Yet the recently published biography of Sir Charles Dilke shows clearly
how very critical Mr. Chamberlain had already become of his great
leader, Mr. Gladstone, and how many causes were already preparing the
rupture of 1886.

* * * * *

I first met Mr. Browning in 1884 or 1885, if I remember right, at a
Kensington dinner-party, where he took me down. A man who talked loud and
much was discoursing on the other side of the table; and a spirit of
opposition had clearly entered into Mr.
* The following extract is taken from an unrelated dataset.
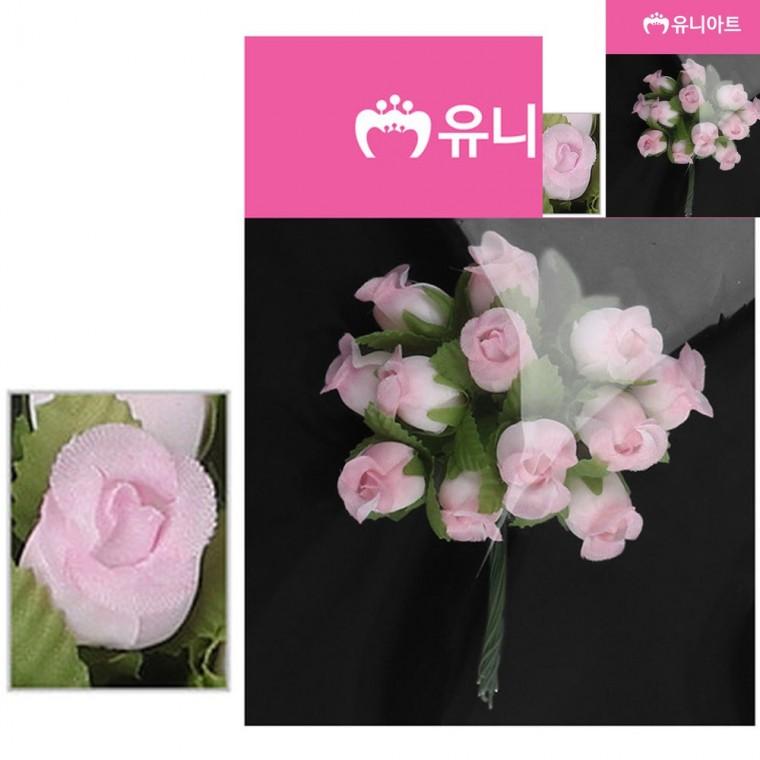 투톤 항장미 흰색 분홍 인조꽃 인테리어인조꽃 인조조화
Browning.

_A propos_ of some recent acting in London we began to talk of Moliere,
and presently, as though to shut out the stream of words opposite, which
was damping conversation, the old poet--how the splendid brow and the
white hair come back to me!--fell to quoting from the famous sonnet
scene in "Le Misanthrope": first of all, Alceste's rage with Phillinte's
flattery of the wretched verses declaimed by Oronte--"_Morbleu! vil
complaisant, vous louez des sottises_"; then the admirable fencing
between Oronte and Alceste, where Alceste at first tries to convey his
contempt for Oronte's sonnet indirectly, and then bursts out:

"_Ce n'est que jeu de mots, qu'affectation pure,
Et ce n'est point ainsi que parle la nature_!"

breaking immediately into the _vieille chanson_, one line of which is
worth all the affected stuff that Celimene and her circle admire.